-- WHAT TO PRODUCE --
Return every line of the records, exact and in full, until you have returned the line with "To set the stage", and include none of the pictures.

[Collected data entries]
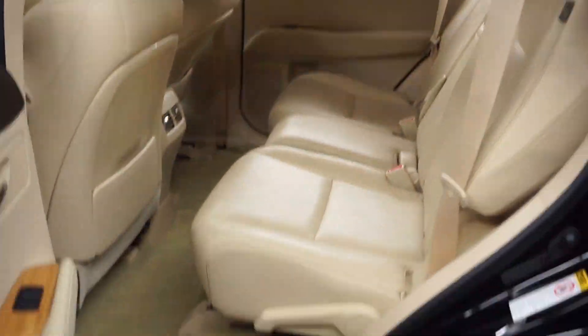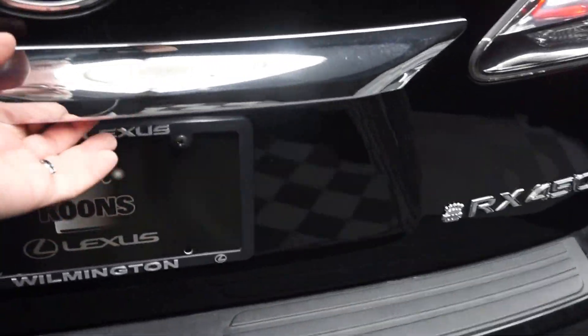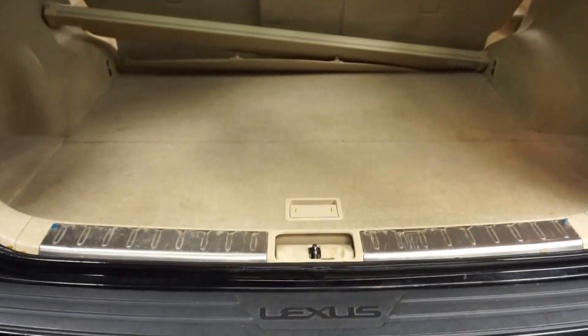Plenty of room here in the back seat. Lexus wheels. Power rear door. And you've got plenty of room back here in the trunk.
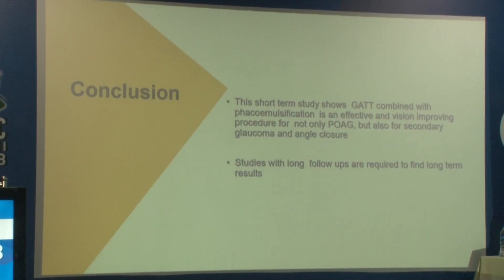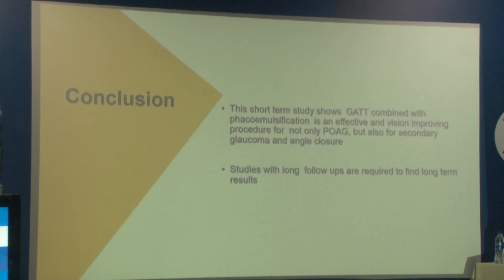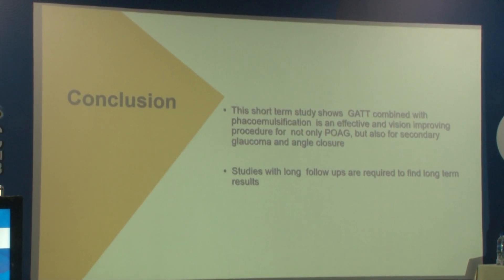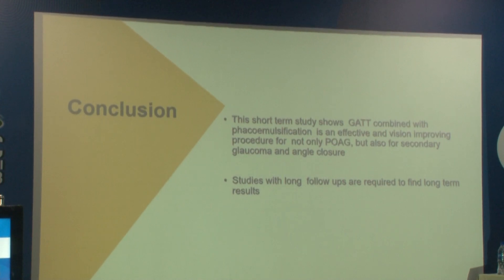To conclude, this short-term study shows that GATT combined with Phacoemulsification and IOL implantation is an effective and vision-improving procedure, not only for primary open-angle glaucoma but also for secondary and angle-closure glaucoma. However, studies with long-term follow-ups and those looking into endothelial cell loss are required in the future for long-term results.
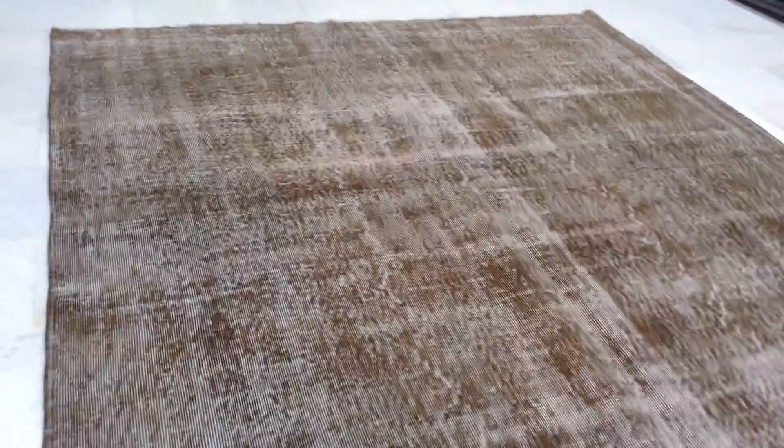The feel of this carpet is like a jean effect. They're very high quality handmade Turkish knots.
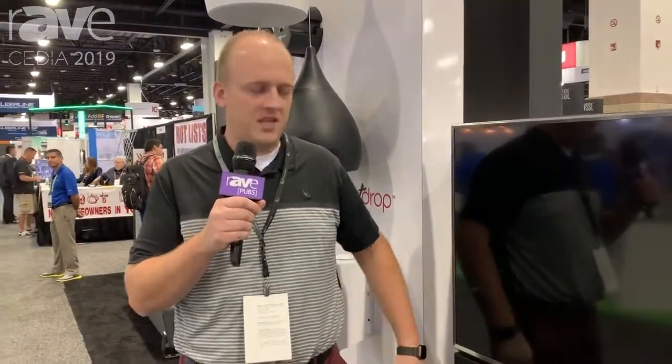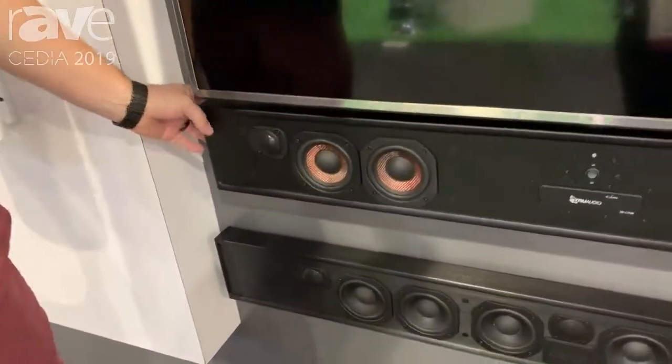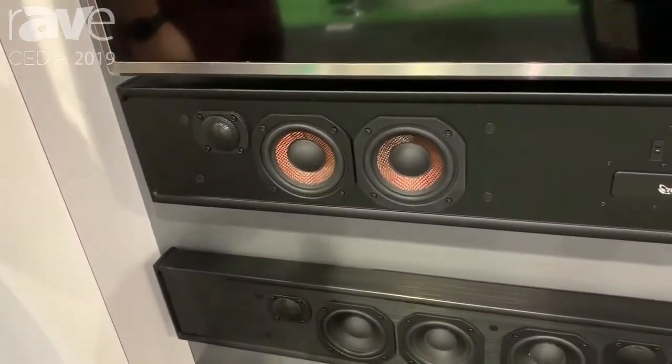Hey, Chase Harrison with True Audio again here at CDA 2019. We're in the True Audio booth and we're talking about our new custom length powered soundbar. We're building our powered version of our popular passive soundbar.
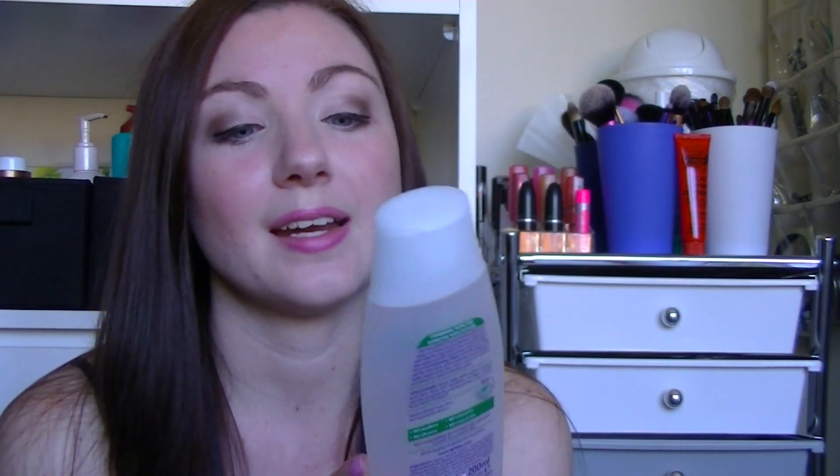To go with that is the Nivea Pure and Natural Cleansing Toner — another product I quite liked. It is the only other toner I've found that doesn't make me red or hurt me or anything like that, so I did really like this, but I have gone back to my original Witch Hazel. I just like the fact that Witch Hazel is a lot more natural than this so-called natural product.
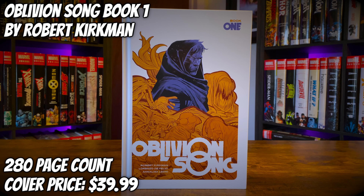Today we're going to transfer to another dimension with Oblivion Song Book One by Robert Kirkman. It has a 280 page count and a cover price of $39.99. Stay tuned after the video to see how you can get yourself entered in the giveaway.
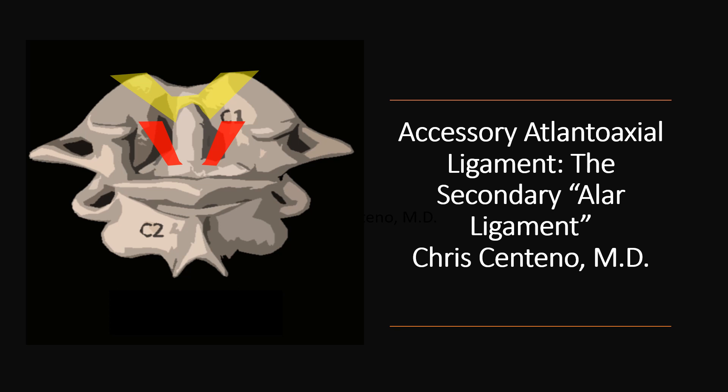So today we're going to talk about the accessory atlanoaxial ligament, or what I call the secondary alar ligament.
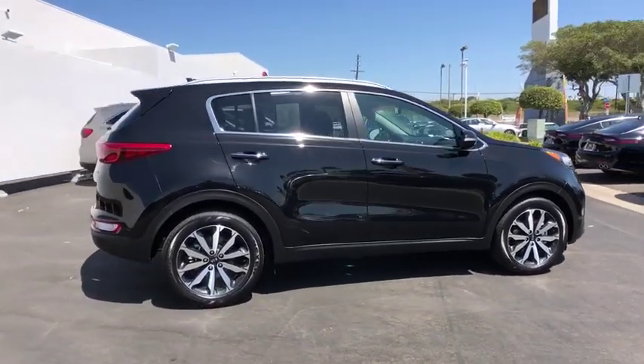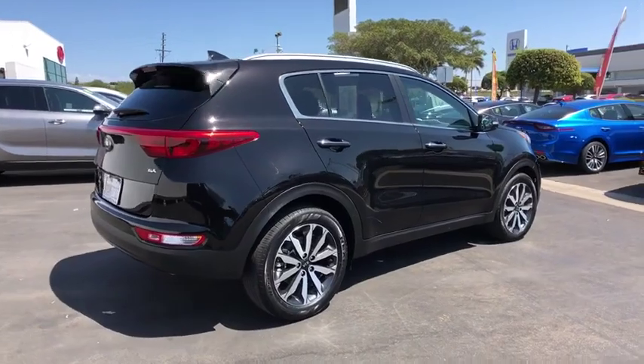This vehicle has less than 15,000 miles. Here are some of this vehicle's great options.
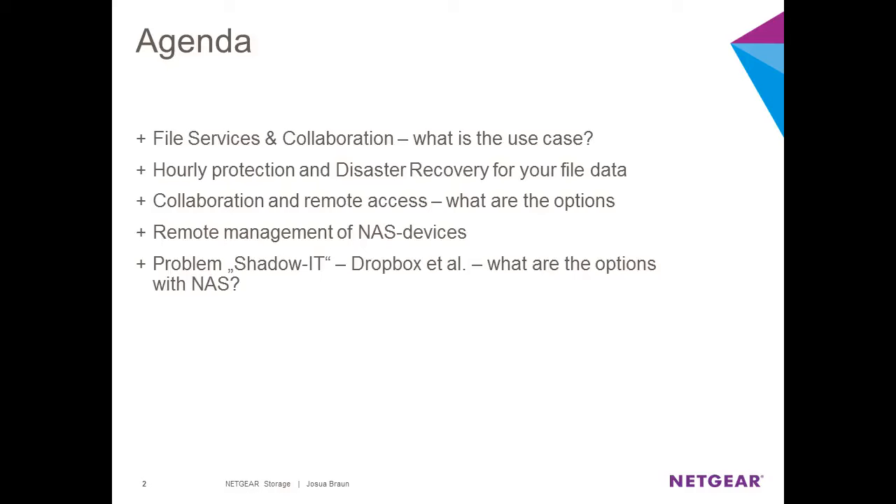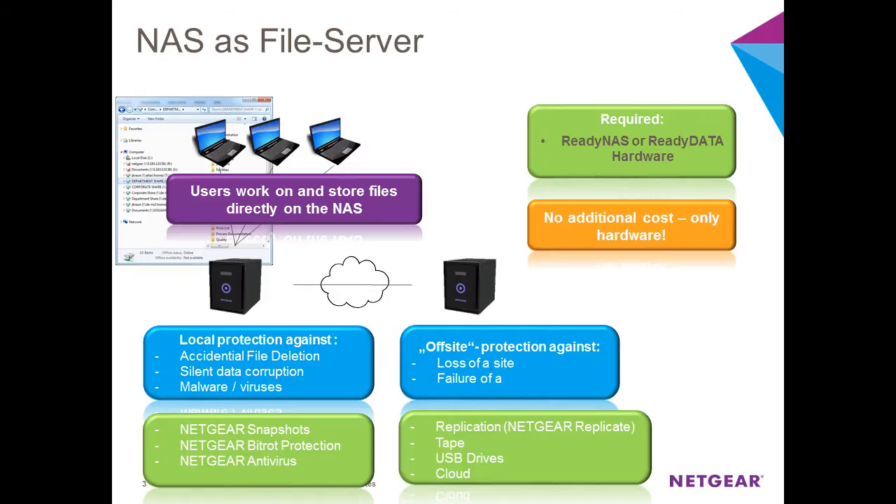To set the stage on the use case of NAS as a file server: users work on files and store them directly on the NAS via mapped network drives. The Windows Explorer screenshot here shows how network drives are mapped for users to access within the local area network — something most IT professionals set up for customers on a daily basis.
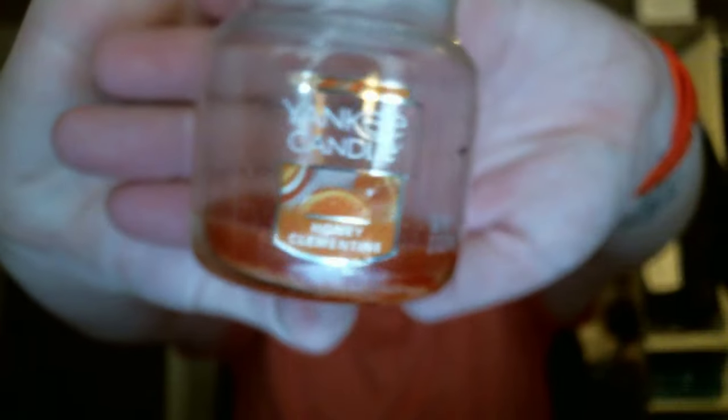Then I finished a small jar in Honey Clementine, which is a new scent as well as a new label for Yankee Candle. I'm burning this currently in the large jar. I have a review that I'll be making probably later today about all the new Yankee Candle fall scents. Honey Clementine is really, really yummy — it's really sweet, but it has that citrus which really tones it down.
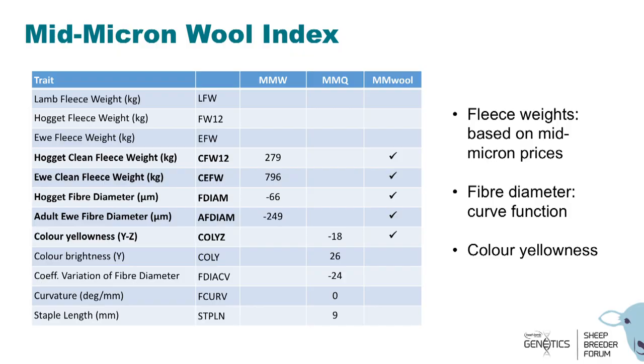From the mid-micron point of view, we're looking to streamline that mid-micron sub-index. We're proposing a mid-micron wool index that includes clean fleece weights, fibre diameter valued along that curve function, and colour yellowness. We are considering dropping the traits that don't have clear economic value at the moment — specifically colour brightness, CV of fibre diameter, and curvature.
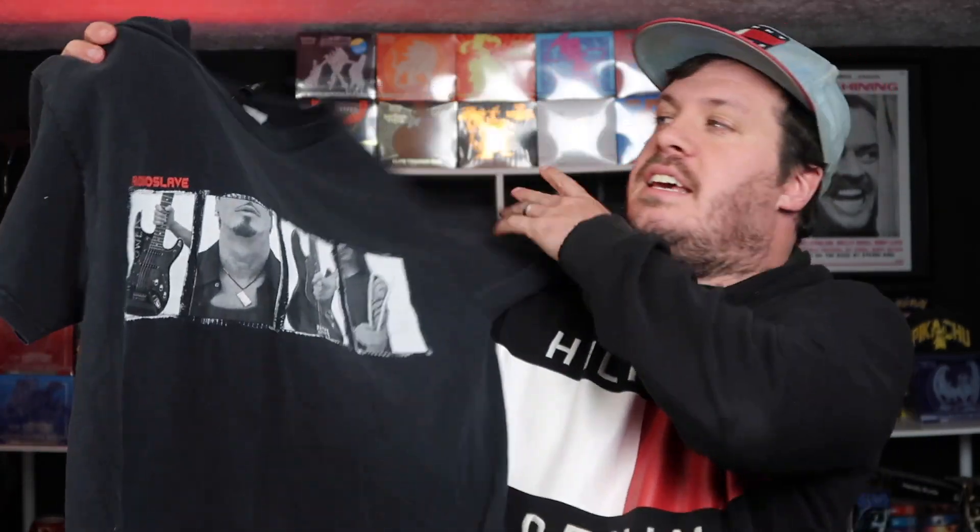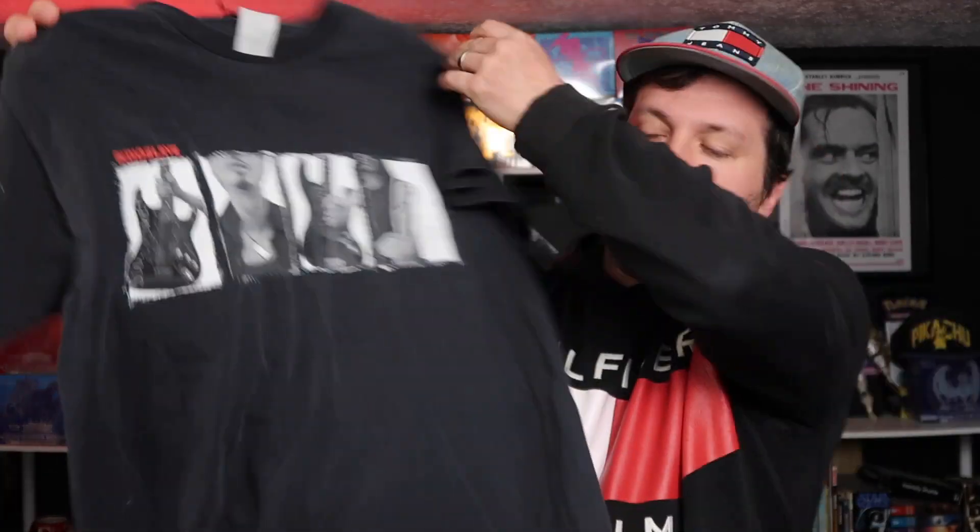Next up, this tee would be a bit higher on the list if it weren't for the size. It's an Audioslave tee on the vintage Giant Tag, probably from the late 90s, early 2000s. It's still a cool tee, it's just a bit small. There are definitely cooler Audioslave t-shirts out there, but this is a legit Giant Tag Audioslave t-shirt — definitely a cool find. Picking it up for like a buck was really nice. I do wish it were a bit bigger, but sweet find here.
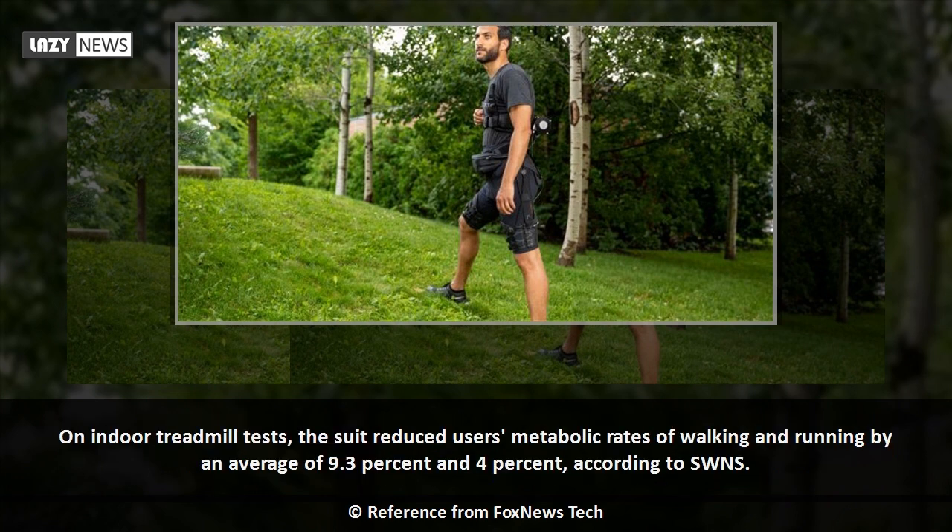On indoor treadmill tests, the suit reduced users' metabolic rates of walking and running by an average of 9.3% and 4%, according to SWNS.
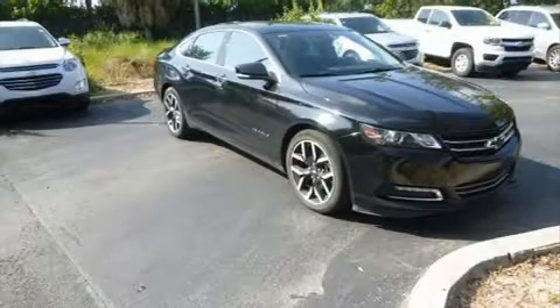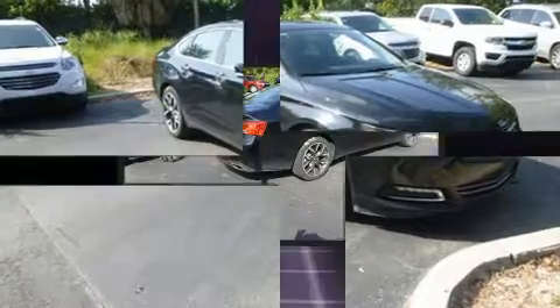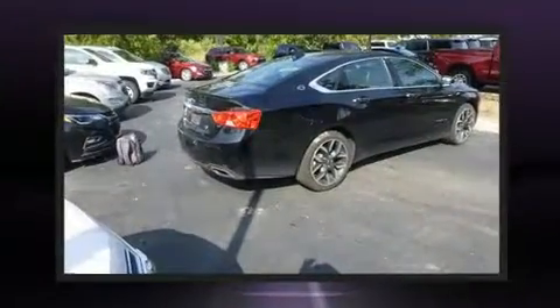Climb inside the 2016 Chevrolet Impala with fewer than 45,000 miles on the odometer. This four-door sedan prioritizes comfort, safety, and convenience.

-- SOLUTION BELOW --
Plenty of room here in the back seat. Lexus wheels. Power rear door. And you've got plenty of room back here in the trunk.
To conclude, this short-term study shows that GATT combined with Phacoemulsification and IOL implantation is an effective and vision-improving procedure, not only for primary open-angle glaucoma but also for secondary and angle-closure glaucoma. However, studies with long-term follow-ups and those looking into endothelial cell loss are required in the future for long-term results.
The feel of this carpet is like a jean effect. They're very high quality handmade Turkish knots.
Hey, Chase Harrison with True Audio again here at CDA 2019. We're in the True Audio booth and we're talking about our new custom length powered soundbar. We're building our powered version of our popular passive soundbar.
To go with that is the Nivea Pure and Natural Cleansing Toner — another product I quite liked. It is the only other toner I've found that doesn't make me red or hurt me or anything like that, so I did really like this, but I have gone back to my original Witch Hazel. I just like the fact that Witch Hazel is a lot more natural than this so-called natural product.
Today we're going to transfer to another dimension with Oblivion Song Book One by Robert Kirkman. It has a 280 page count and a cover price of $39.99. Stay tuned after the video to see how you can get yourself entered in the giveaway.
So today we're going to talk about the accessory atlanoaxial ligament, or what I call the secondary alar ligament.
This vehicle has less than 15,000 miles. Here are some of this vehicle's great options.
To set the stage on the use case of NAS as a file server: users work on files and store them directly on the NAS via mapped network drives. The Windows Explorer screenshot here shows how network drives are mapped for users to access within the local area network — something most IT professionals set up for customers on a daily basis.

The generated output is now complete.